Design and construction
- Architect: BIG
- Developer: Two Trees

= River Ring (development) =

Planned residential complex in Brooklyn, New York

River Ring is a mixed-use development planned for the Williamsburg neighborhood of Brooklyn in New York City. Two Trees, the project's developer, commissioned a design from BIG and James Corner Field Operations.

==Development and history==
Consolidated Edison previously occupied the three lots on which River Ring will rise, using them for purposes including oil storage. Two Trees, the project's developer, purchased the lots in 2019 for $150 million. Two Trees first released public renderings of the project's structures in late 2019. The project abuts the Domino Sugar Redevelopment, also a Two Trees development. Part of the Domino project, Domino Park, was designed by James Corner Field Operations; the firm will also design the outdoor portions of River Ring.

The project will have two towers, originally planned to top out at 600 and 650 feet respectively. Revised plans for the two towers were released in early 2021, increasing the height of one tower to 710 feet and decreasing the other to 560 feet. The project requires rezoning for construction to begin, as zoning currently mandates using the space for commercial or industrial purposes. The project must also go through New York City's Uniform Land Use Review Procedure. An organization, Sustainable Williamsburg, has objected to the rezoning plans. Two Trees anticipates completion by 2027.
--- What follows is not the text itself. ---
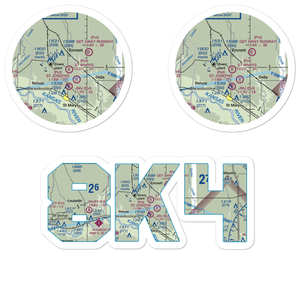 St Mary's Airpark (8K4) VFR Sectional Sticker Pack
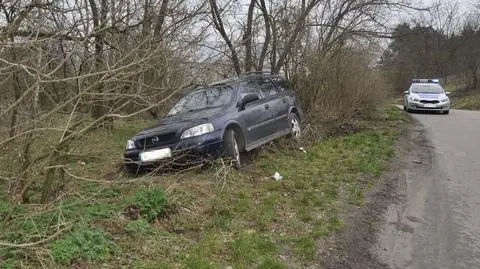 Uciekał przed policją, trzymając w nosidełku niemowlę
Before construction begins, the site will host a miniature golf course and a farm. The golf course opened in July 2021. The development went before the City Planning Commission on August 16, 2021. Two Trees said it would sell the site to a logistics company if the development was not approved. In December 2021, the plan for the development was approved.

In June 2022, a property tax break known as 421a the development was going to utilize expired. Two Trees said that the new tax break, 485x, has requirements that are too strict to make the project financially feasible. The new requirements included much higher minimum wages for construction workers, new affordable housing requirements, and new income band caps. As of May 2024, the development has not started construction because of these reasons.

==Design and usage==
The buildings will have approximately 1200 residential units, as well as office space and a YMCA. In addition to the residential structures, the development will include a private park with a beach, designed to soak up floodwater, as the development will sit in a floodplain.